Unite seeking £100m to accelerate student property development in key cities

March 6, 2014

Bristol-based student accommodation specialist Unite is to raise around £100m through new shares to speed up its development programme in key UK university cities.

The firm said half the new funding would be used in this way to take advantage of cyclically-low development costs. The other half will be used to increase the group’s stake in USAF (The UNITE Student Accommodation Fund) from 16% to 22%.  

USAF is an established, leading multi-investor fund set up by Unite in 2006 and owns a geographically-diverse portfolio of income-generating student accommodation assets worth £1.35bn focused on key university towns and cities.

UNITE chief executive Mark Allan said the fundraising was aimed at “building on a period of sustained strong performance in the business”.

He added: “It allows Unite to capitalise on a window of opportunity in two ways, by accelerating regional development activity and by increasing our stake in the high quality USAF portfolio at returns above those achievable in the open market for investment assets.”

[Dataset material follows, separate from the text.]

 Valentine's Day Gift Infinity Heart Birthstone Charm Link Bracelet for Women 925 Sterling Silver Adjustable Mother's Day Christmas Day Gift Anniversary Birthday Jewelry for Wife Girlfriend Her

Unite said the fundamentals of the UK student accommodation market remained strong and had underpinned a resilient performance during the challenging economic environment of the past few years.

For the current academic year 2013/14 there are approximately 677,000 applicants for 496,000 undergraduate university places – close to the highest ever levels achieved in 2011/12.

Applications for the 2014/15 academic year were encouraging and show a 4% year-on-year increase. These latest statistics were the result of a long period of significant, almost uninterrupted, growth in student numbers, said Unite/

For the 2013/14 academic year, there were now 1.7m full-time students in the UK compared to 600,000 in 1991. Unite said taking these factors together, it believes that demand for UK university places remains high.

Student numbers are set to increase further following the Government’s announcement in December 2013 of its intention to remove the cap on student places in the 2015/16 academic year and to increase it in the interim by 30,000 places for the 2014/15 academic year.

The Government itself forecasts that the removal of the cap could lead to an increased intake of 60,000 students, equivalent to an increase of 12%.

The rate of growth in the supply of new student accommodation has fallen sharply in recent years, particularly outside London. There are approximately 500,000 purpose-built bed spaces across the UK, leaving approximately 1.2m full-time students needing to find alternative places to live. These conditions are expected to persist for the time being and Unite expects approximately only 31,700 net additional bed spaces to be added to supply in the next three years, of which 9,200 are expected in London. Given the existing shortfall and the projected growth in student numbers, demand remains likely to exceed supply in the long term.